Ein andrer sehr grosser Fehler der theologischen Denkart und der öffentlichen Lehrvorträge, welcher dem Zwecke unsres Amtes überaus nachtheilig wird, ist die fast allgemeine Gewohnheit auf den Kanzeln immer zu tadeln und niemals zu loben. Da, so viel ich weiß, diese üble Gewohnheit und ihr verderblicher Einfluß noch nicht öffentlich gerüget worden ist, so will ich ausführlicher zeigen, wie solche theils auf ganz falschen Gründen beruhe, theils wider das Beyspiel Jesu und der Apostel sey; theils dem Christen die grossen innern Belohnungen, die Gott mit dem Bewußtseyn guter Gesinnungen zur Aufmunterung in der Tugend verknüpft hat, beraube; theils auf mehr denn eine Art die volle Wirkung des Evangeliums und unserer Amtsbemühungen hindre.

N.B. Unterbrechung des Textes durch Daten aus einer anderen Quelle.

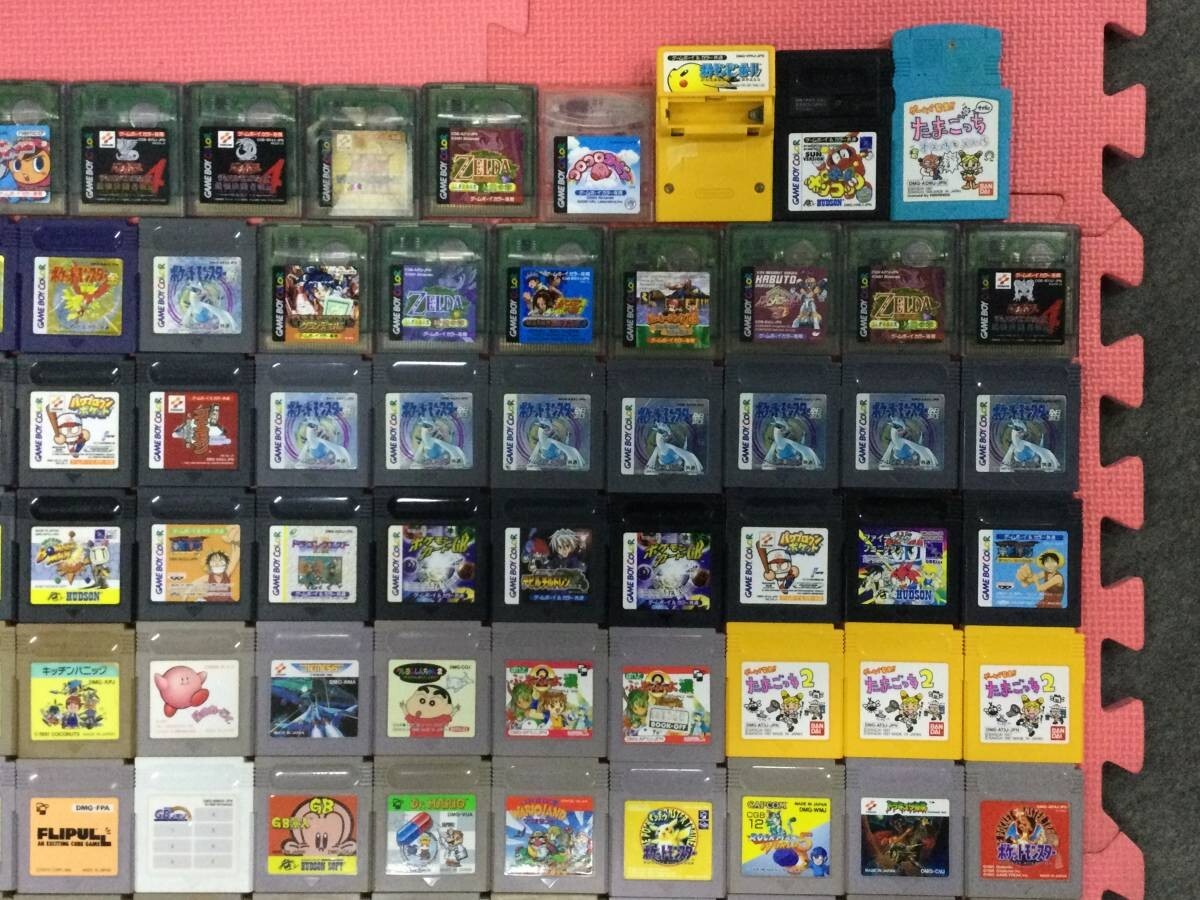 【任天堂】GAMEBOY COLOR｜ゲームボーイ Amazon.co.jp: 【整備済み品】 任天堂 Nintendo ゲームボーイ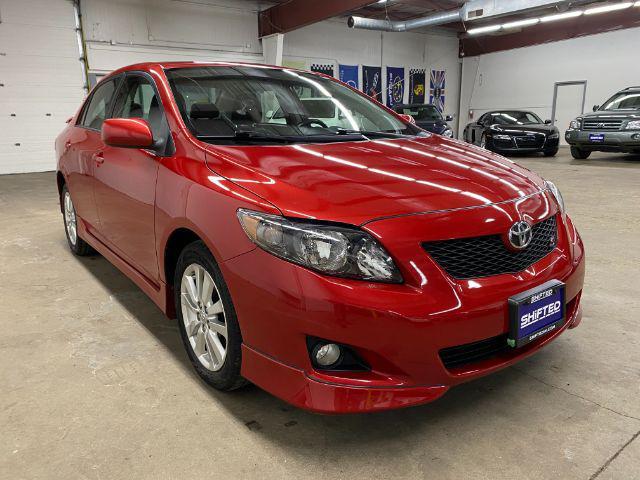 used 2010 Toyota Corolla car, priced at $9,997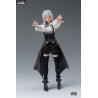 Pocket Art - Figurine Rose Knight Gloria, PA008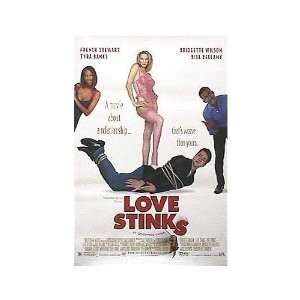  Love Stinks Original Movie Poster, 27.5 x 40.5 (1999 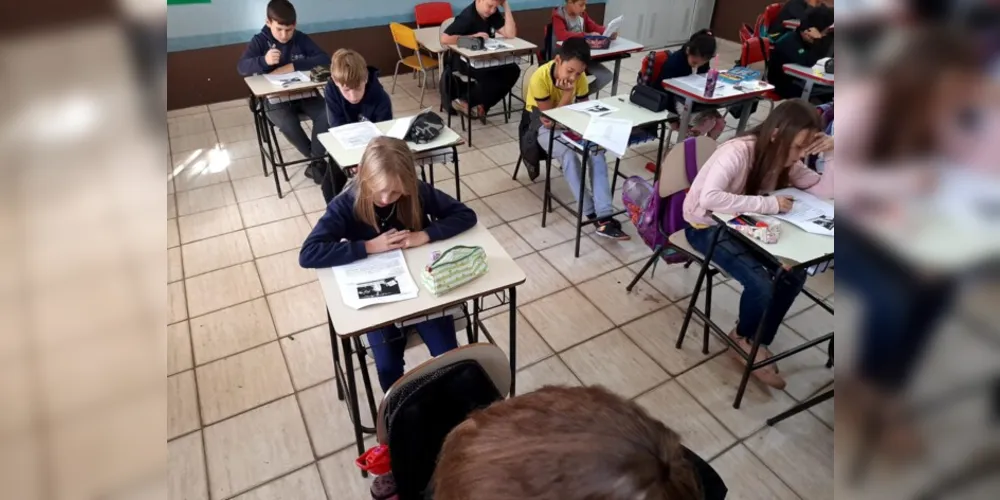 Ação é essencial para que alunos tenham bom desempenho nas avaliações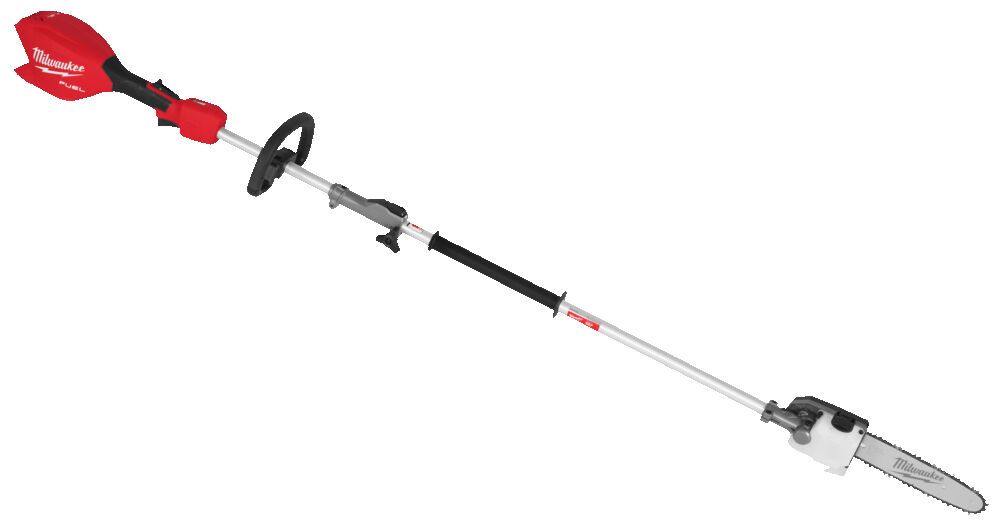 Інструмент садовий багатофункціональний акумуляторний MILWAUKEE M18 FOPH2-0 QUIK-LOK (4933492662)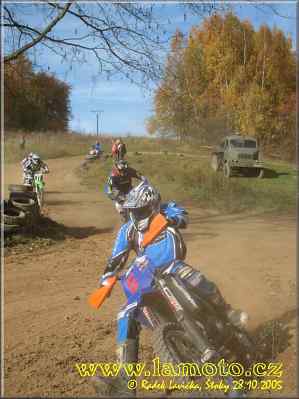 toky u Jihlavy 28.10.2005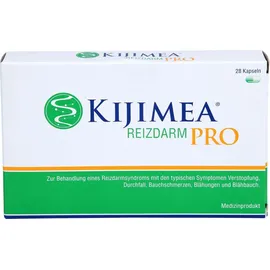 Synformulas GmbH Kijimea Reizdarm Pro Kapseln 28 St.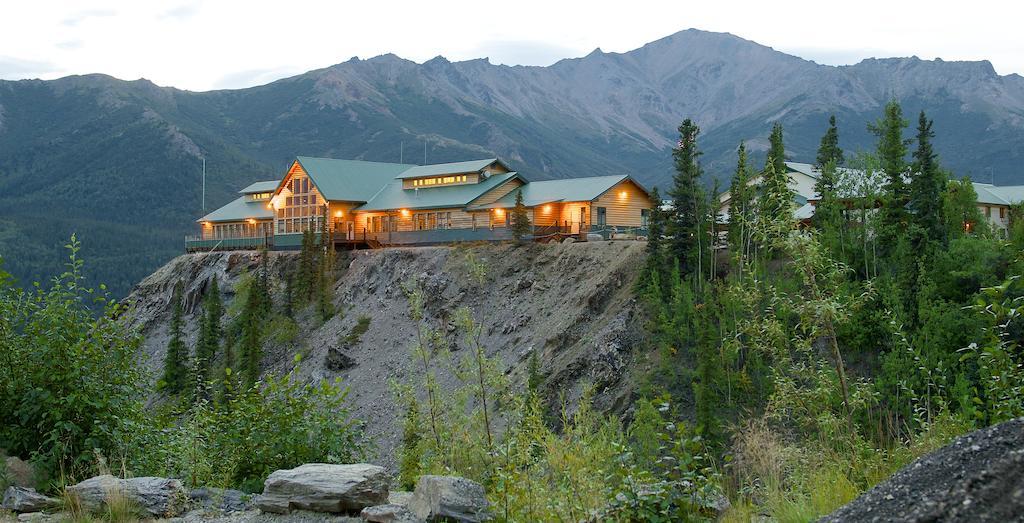 Grande Denali Lodge Denali Park ภายนอก รูปภาพ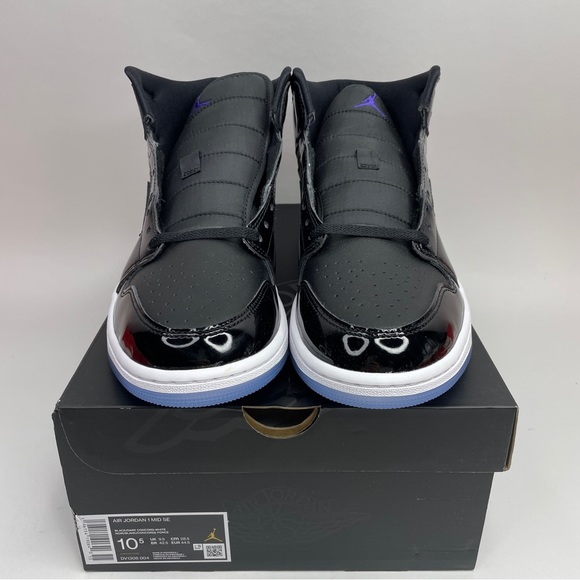 Nike Air Jordan 1 Retro Mid SE “Space Jam” 2023 - Picture 2 of 4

1. Es liegen ganz verworrne und falsche Begriffe bey der üblichen Tadelsucht zum Grunde. Alle unsre guten Werke
sind unvollkommen, das ist wahr; aber Gott fordert auch so wenig, als irgends ein menschlicher Vater, von schwachen unmündigen Kindern, mehr als aufrichtigen Willen und treuen Gebrauch der vorhandnen Kräfte, Einsichten und Gelegenheiten. Selbst fehlerhafte und verunglückende Versuche eines Kindes, gut zu handeln, sind väterlichen Augen bereits angenehm, und werden von vernünftigen Aeltern mit Beyfall bemerkt und belohnt. Man mag nun in Absicht der natürlichen Kräfte des Menschen die Lehre des Augustins oder die Lehre der heiligen Schrift annehmen, so folgt aus beiden, daß wir alle auch noch so mangelhafte Aeusserungen des guten Willens unsrer Zuhörer loben müssen.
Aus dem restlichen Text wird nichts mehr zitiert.